Problem requirements
Pull every line that includes the word "cabinets" from the data.

Data for this exercise
================

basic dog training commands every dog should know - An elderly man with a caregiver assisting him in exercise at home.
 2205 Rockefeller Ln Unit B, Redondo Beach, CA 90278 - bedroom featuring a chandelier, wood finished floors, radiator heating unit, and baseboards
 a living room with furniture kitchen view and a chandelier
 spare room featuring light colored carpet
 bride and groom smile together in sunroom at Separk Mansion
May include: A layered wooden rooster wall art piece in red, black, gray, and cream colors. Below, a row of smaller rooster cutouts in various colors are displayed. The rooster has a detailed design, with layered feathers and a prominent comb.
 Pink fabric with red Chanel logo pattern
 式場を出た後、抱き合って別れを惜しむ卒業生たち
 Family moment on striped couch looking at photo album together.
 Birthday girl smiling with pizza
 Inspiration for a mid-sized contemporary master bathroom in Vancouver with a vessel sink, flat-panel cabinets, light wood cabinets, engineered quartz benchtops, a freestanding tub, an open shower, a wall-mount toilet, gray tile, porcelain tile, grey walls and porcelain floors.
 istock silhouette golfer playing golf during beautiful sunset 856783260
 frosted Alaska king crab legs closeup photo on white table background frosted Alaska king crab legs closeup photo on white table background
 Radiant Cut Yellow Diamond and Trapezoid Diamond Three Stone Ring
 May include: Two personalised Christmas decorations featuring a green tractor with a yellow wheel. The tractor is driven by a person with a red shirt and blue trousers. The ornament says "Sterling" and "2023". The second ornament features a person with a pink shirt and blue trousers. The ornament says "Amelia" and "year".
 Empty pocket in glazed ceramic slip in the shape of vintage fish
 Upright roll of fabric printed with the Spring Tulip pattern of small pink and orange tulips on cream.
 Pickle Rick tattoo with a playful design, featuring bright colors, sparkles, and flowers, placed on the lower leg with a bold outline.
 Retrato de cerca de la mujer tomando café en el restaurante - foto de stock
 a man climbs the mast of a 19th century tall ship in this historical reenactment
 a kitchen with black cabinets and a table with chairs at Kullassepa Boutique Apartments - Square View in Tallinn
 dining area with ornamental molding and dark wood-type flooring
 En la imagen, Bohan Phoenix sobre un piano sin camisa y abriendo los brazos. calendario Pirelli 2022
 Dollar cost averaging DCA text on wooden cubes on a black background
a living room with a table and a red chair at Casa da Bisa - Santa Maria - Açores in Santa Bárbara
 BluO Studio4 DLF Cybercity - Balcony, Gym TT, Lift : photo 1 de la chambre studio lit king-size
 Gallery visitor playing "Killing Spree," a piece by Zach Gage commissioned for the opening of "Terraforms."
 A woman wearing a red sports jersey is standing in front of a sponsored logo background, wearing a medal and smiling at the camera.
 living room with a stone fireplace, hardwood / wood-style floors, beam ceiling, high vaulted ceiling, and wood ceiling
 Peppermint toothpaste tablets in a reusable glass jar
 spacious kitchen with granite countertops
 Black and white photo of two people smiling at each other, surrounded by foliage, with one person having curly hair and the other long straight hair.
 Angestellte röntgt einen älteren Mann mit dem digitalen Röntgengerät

================

Reply
 Inspiration for a mid-sized contemporary master bathroom in Vancouver with a vessel sink, flat-panel cabinets, light wood cabinets, engineered quartz benchtops, a freestanding tub, an open shower, a wall-mount toilet, gray tile, porcelain tile, grey walls and porcelain floors.
 a kitchen with black cabinets and a table with chairs at Kullassepa Boutique Apartments - Square View in Tallinn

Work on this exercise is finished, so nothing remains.